Dataset records:
%%
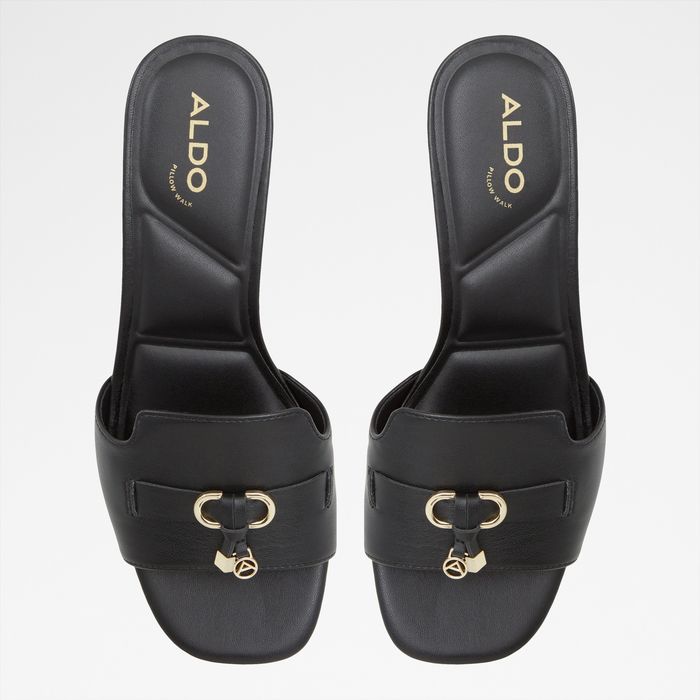 Sandalias en negro, tacón bloque - TESSINA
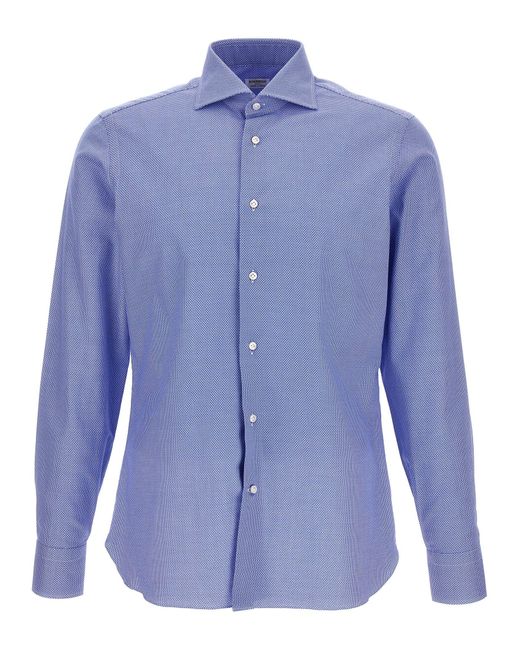 Borriello Blue Micro Operated Shirt Shirt, Blouse for men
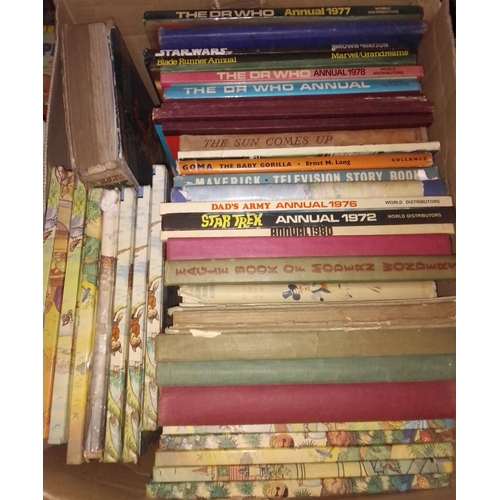 232 - A collection of annuals including The Broons, Our Wullie, The Beano, Rupert, Black Bob etc. etc.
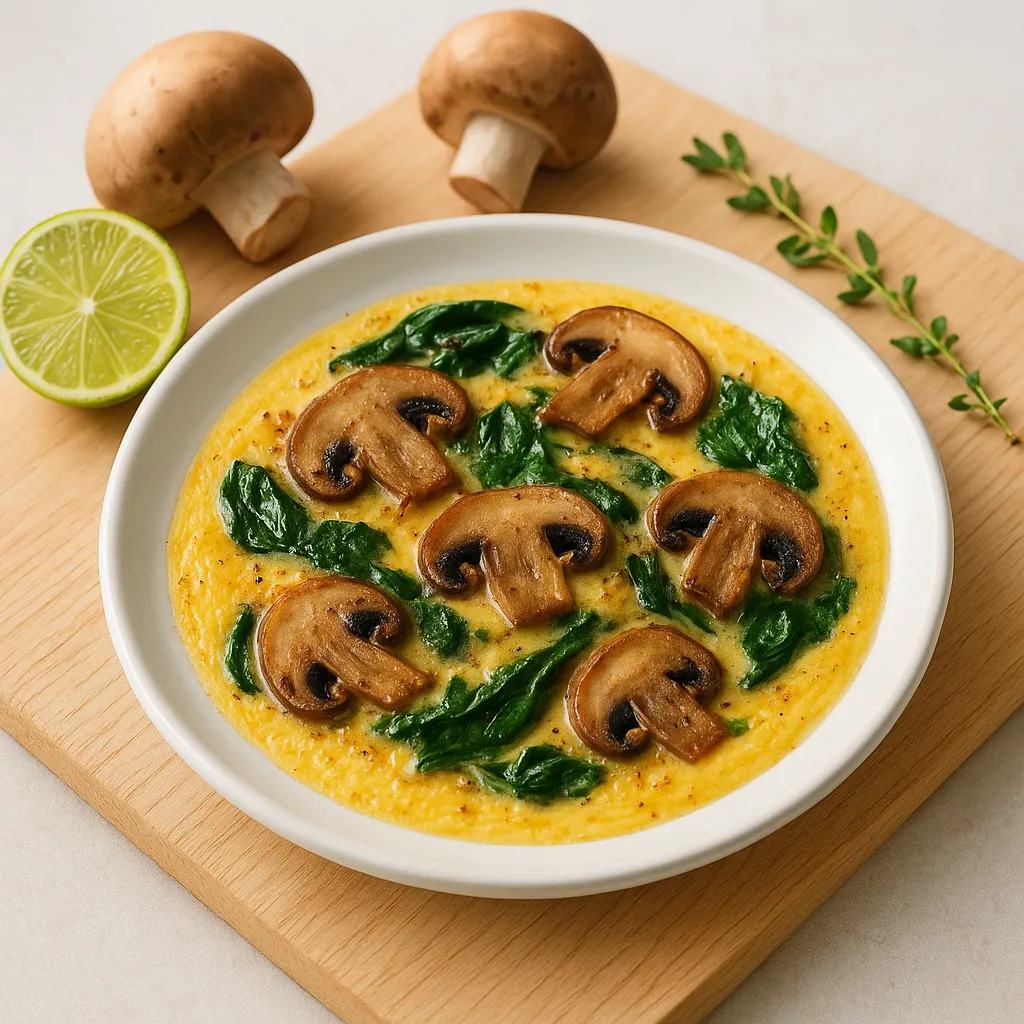 Miso-Baked Egg Custards with Cremini and Spinach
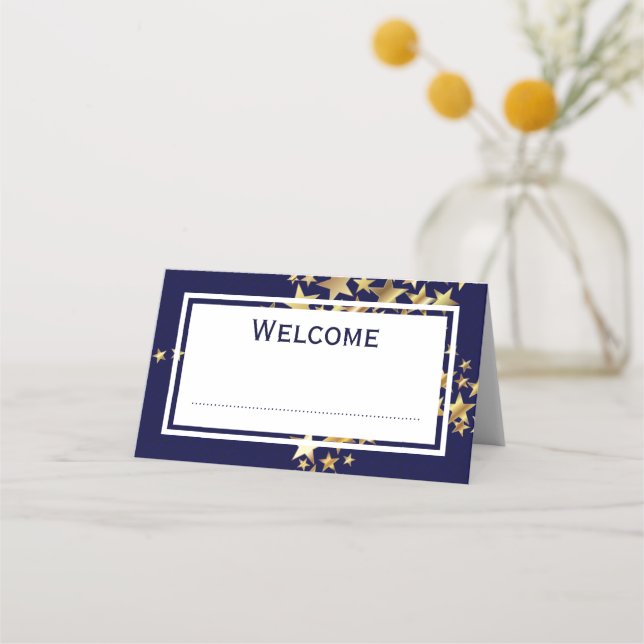 Carte De Placement ÉTOILES Bleues Gold FESTIVE Personnalisables (Devant)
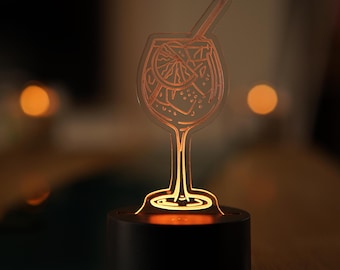 LED lamp Aperol and cocktail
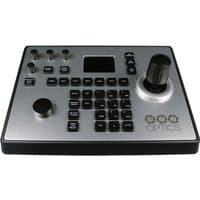 Black and silver PTZOptics PT-JOY-G4 joystick controller with buttons, knobs, and small display screen.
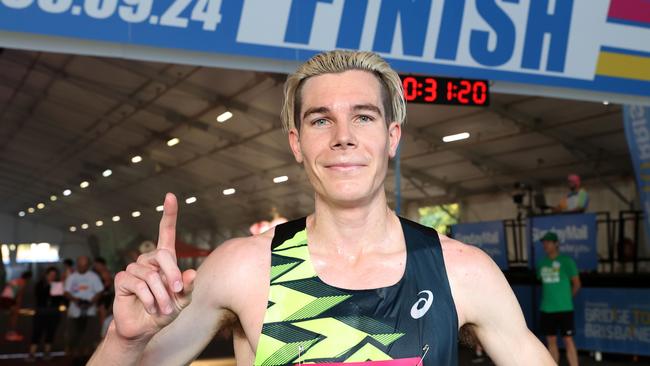 Mens Winner 10Km Liam Boudin of Carindale, Bridge to Brisbane, Bowen Hills. Picture: Liam Kidston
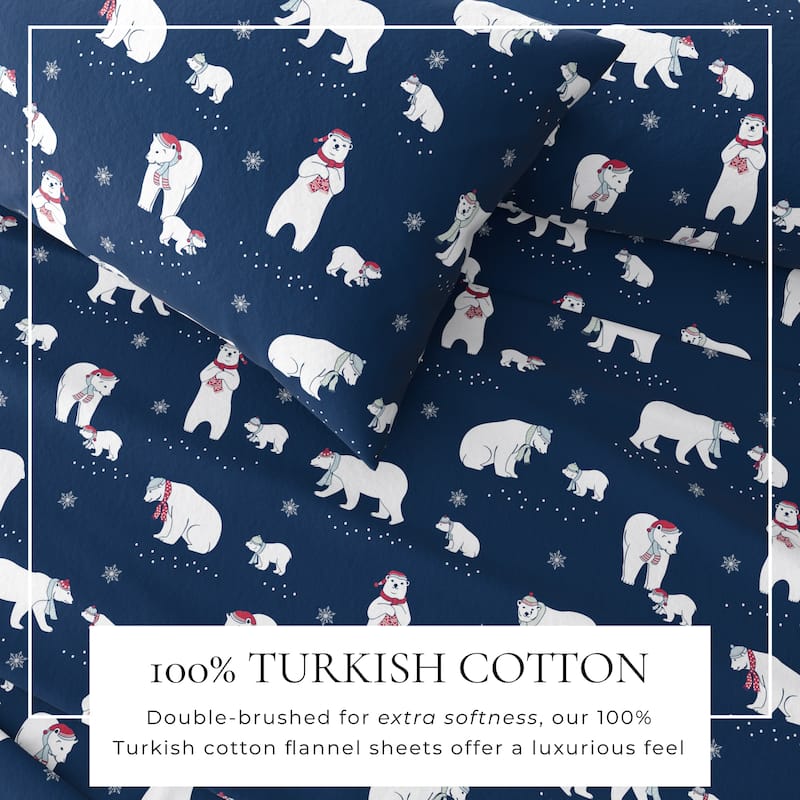 Linery & Co. Turkish Cotton Double-Brushed Printed Flannel Bed Sheet Set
%%
- _ACTIVITY_: The data needs to be reproduced exactly, please, apart from its pictures.

- _RESPONSE TO THE TASK_:
 Sandalias en negro, tacón bloque - TESSINA
 Borriello Blue Micro Operated Shirt Shirt, Blouse for men
 232 - A collection of annuals including The Broons, Our Wullie, The Beano, Rupert, Black Bob etc. etc.
 Miso-Baked Egg Custards with Cremini and Spinach
 Carte De Placement ÉTOILES Bleues Gold FESTIVE Personnalisables (Devant)
 LED lamp Aperol and cocktail
 Black and silver PTZOptics PT-JOY-G4 joystick controller with buttons, knobs, and small display screen.
 Mens Winner 10Km Liam Boudin of Carindale, Bridge to Brisbane, Bowen Hills. Picture: Liam Kidston
 Linery & Co. Turkish Cotton Double-Brushed Printed Flannel Bed Sheet Set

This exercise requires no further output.